### Source data:
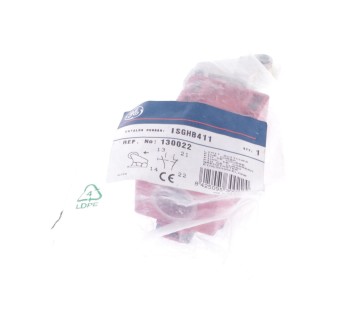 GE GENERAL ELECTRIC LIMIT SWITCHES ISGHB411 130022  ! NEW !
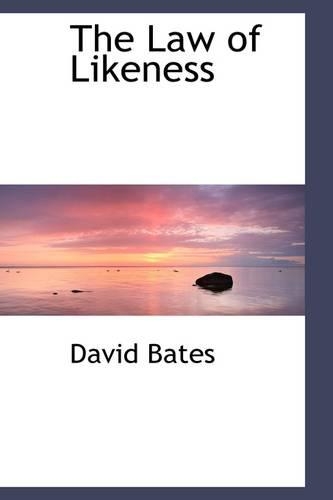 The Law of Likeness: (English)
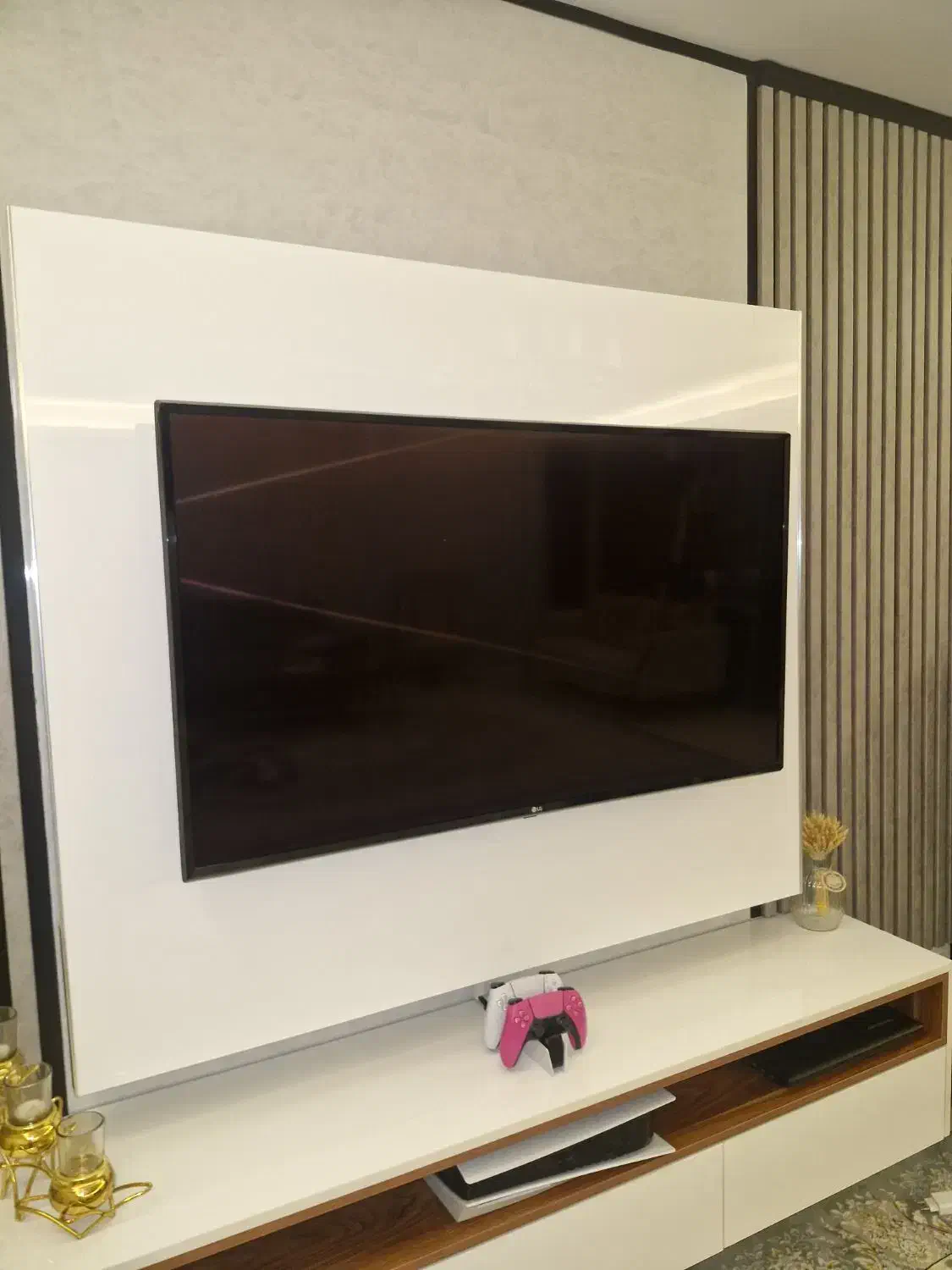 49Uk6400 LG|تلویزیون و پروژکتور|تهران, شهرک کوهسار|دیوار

...

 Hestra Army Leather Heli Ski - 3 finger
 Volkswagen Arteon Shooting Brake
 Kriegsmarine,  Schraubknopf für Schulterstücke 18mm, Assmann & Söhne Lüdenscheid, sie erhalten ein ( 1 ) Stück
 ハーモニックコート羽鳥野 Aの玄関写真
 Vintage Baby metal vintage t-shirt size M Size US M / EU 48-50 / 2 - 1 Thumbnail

### Activity:
Leave out the images and write out the lines above exactly, from the one with "GE GENERAL ELECTRIC" up to and including the one with "49Uk6400 LG|تلویزیون و".

### Solution to this exercise:
 GE GENERAL ELECTRIC LIMIT SWITCHES ISGHB411 130022  ! NEW !
 The Law of Likeness: (English)
 49Uk6400 LG|تلویزیون و پروژکتور|تهران, شهرک کوهسار|دیوار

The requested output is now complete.